Mitigate risk by moving from CapEx to OpEx

Sandra Crous PaySpace

With 2020 drawing to an end, it’s probably safe to say that we’ve all been reminded exactly how uncertain the future can be. Whether willingly or unwillingly, we’ve had to accept it is critical to mitigate risk, remain agile and flexible, and to preserve capital. 

“Now is not the time to make large capital outlays, or to enter into lengthy contracts that force you to pay in advance,” says Sandra Crous, Managing Director of payroll and HR software leaders, PaySpace. 

She highlights that annual fees are a capital expenditure (CapEx), while monthly subscriptions are an operating expenditure (OpEx). “Remember that annual licence fees aren’t saving you money in the long run. Just dividing an amount into twelve payments doesn’t make it a cost saving. Moreover, because most licence fees work in brackets based on numbers of employees, if you get stuck in the bracket for 1,000 employees, for example, that amount doesn’t slim down when your company does.”

“So, although people may think buying something outright is a great investment for an organisation, CapEx is more often than not an accounting headache and it is far trickier to identify its true cost and value to a company. OpEx, on the other hand, is tax deductible and can be subtracted from the business revenue when working out true profits and losses.”

Generally, this grows the bottom line. “OpEx paints a more accurate picture of the true cost of doing business because the benefits and value of OpEx are instant and easily recognised. This is particularly true of cloud. There is no debate that there are major advantages associated with cost savings when moving to the cloud. And when it comes to cloud ROI, comparing CapEx to OpEx highlights how the cloud is a fantastic way to switch IT spending to a pay-as-you-go model and reduce CapEx costs, as well as reap multiple other benefits.” 

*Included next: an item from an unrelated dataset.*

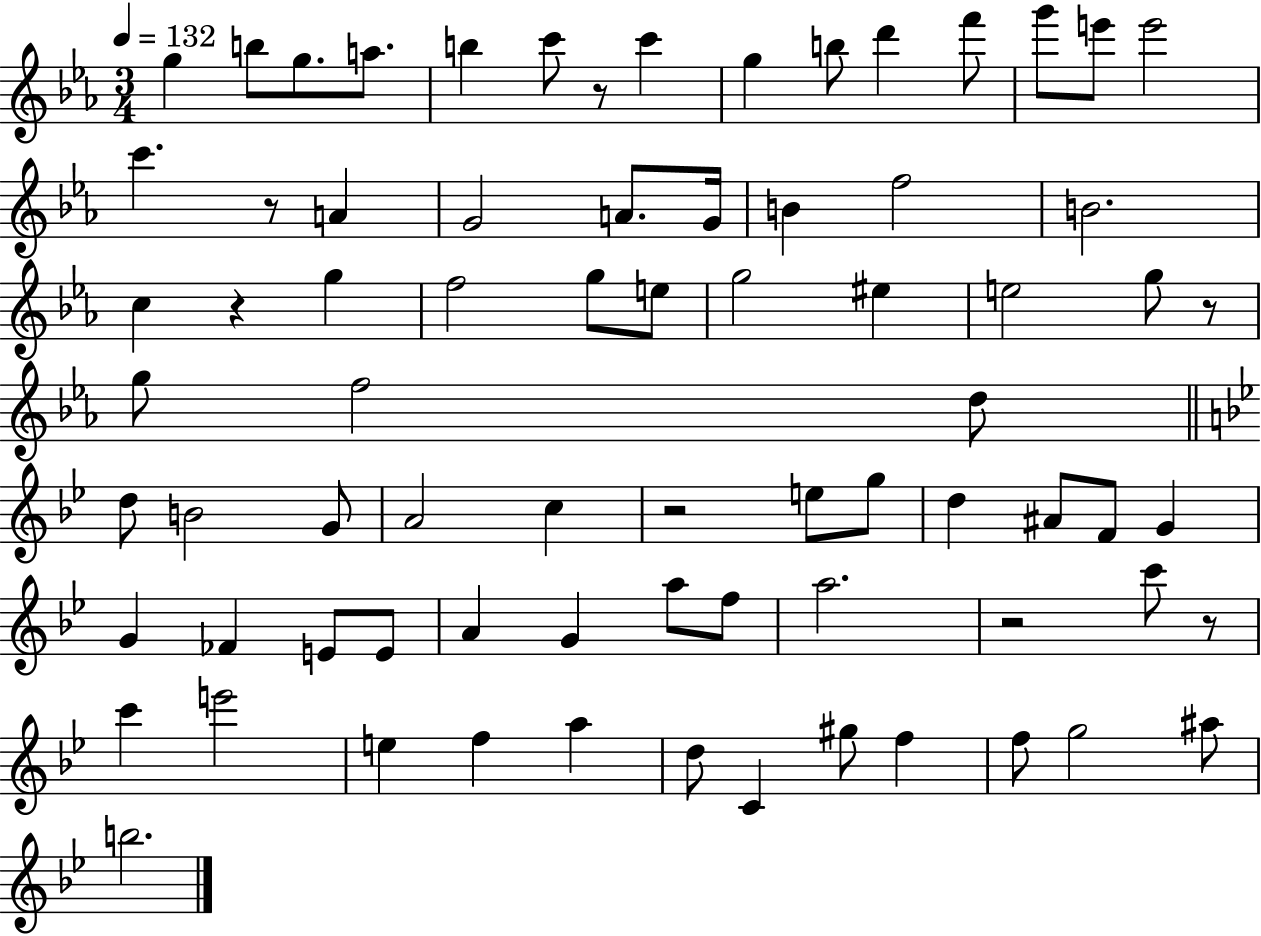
G5/q B5/e G5/e. A5/e. B5/q C6/e R/e C6/q G5/q B5/e D6/q F6/e G6/e E6/e E6/h C6/q. R/e A4/q G4/h A4/e. G4/s B4/q F5/h B4/h. C5/q R/q G5/q F5/h G5/e E5/e G5/h EIS5/q E5/h G5/e R/e G5/e F5/h D5/e D5/e B4/h G4/e A4/h C5/q R/h E5/e G5/e D5/q A#4/e F4/e G4/q G4/q FES4/q E4/e E4/e A4/q G4/q A5/e F5/e A5/h. R/h C6/e R/e C6/q E6/h E5/q F5/q A5/q D5/e C4/q G#5/e F5/q F5/e G5/h A#5/e B5/h.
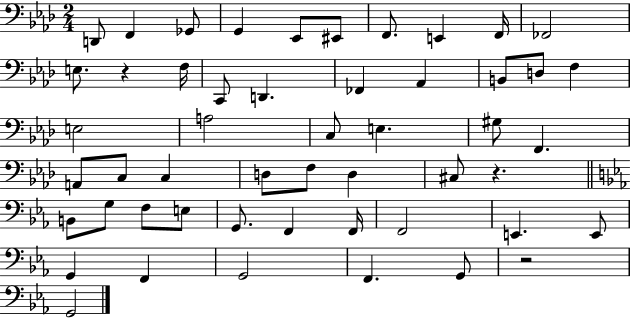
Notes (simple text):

D2/e F2/q Gb2/e G2/q Eb2/e EIS2/e F2/e. E2/q F2/s FES2/h E3/e. R/q F3/s C2/e D2/q. FES2/q Ab2/q B2/e D3/e F3/q E3/h A3/h C3/e E3/q. G#3/e F2/q. A2/e C3/e C3/q D3/e F3/e D3/q C#3/e R/q. B2/e G3/e F3/e E3/e G2/e. F2/q F2/s F2/h E2/q. E2/e G2/q F2/q G2/h F2/q. G2/e R/h G2/h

For most organisations, however, the pay-as-you-go option you get from cloud services is the obvious solution. In a way, this lets the experts run and maintain the cloud, so the organisation doesn’t have to hire extra employees to deal with it and existing staff can focus on their core functions and tasks. This option also keeps the organisation’s financial forecasts stable and predictable. Overall, keeping your IT efforts as OpEx as possible is the new and more flexible approach to keeping expenses to a minimum.” 

The repercussions of the Covid-19 pandemic has shown us that we need to mitigate risk at all costs, adds Crous. “Uncertainty is the order of the day. While countries reopen across the globe, the pandemic rampages on unchecked in other countries. A second wave and another cycle of openings and closings is probable, which most companies can scarcely afford.”

With Europe going into a second lockdown, organisations need to be agile and flexible. They must mitigate risk and look after their own interests. “In the market, we are finding CTOs and CFOs opting for more consumption-based models instead of putting themselves in a position where they might not be able to pay bills. They understand they can retain cash flow by going this route,” she adds.

When using the cloud, companies benefit from true scalability. “Unlike annual licence fees, cloud allows your monthly payments to instantly be reduced if your organisation needs to slim down. Similarly, as your organisation grows, more employees can be added to your payroll in seconds, and there’s no question of moving your expenditure up by a bracket. You only pay for the exact number of users/records you have in the company.”

“More companies are realising that the historic way of doing business and buying into annual contracts has passed,” she concludes. “Companies who have adopted a cloud-first strategy are already seeing the benefits and future-proofing their organisation. In uncertain times, the cost of even one employee makes a difference, particularly for smaller entities. It’s really about doing the right thing for your company.”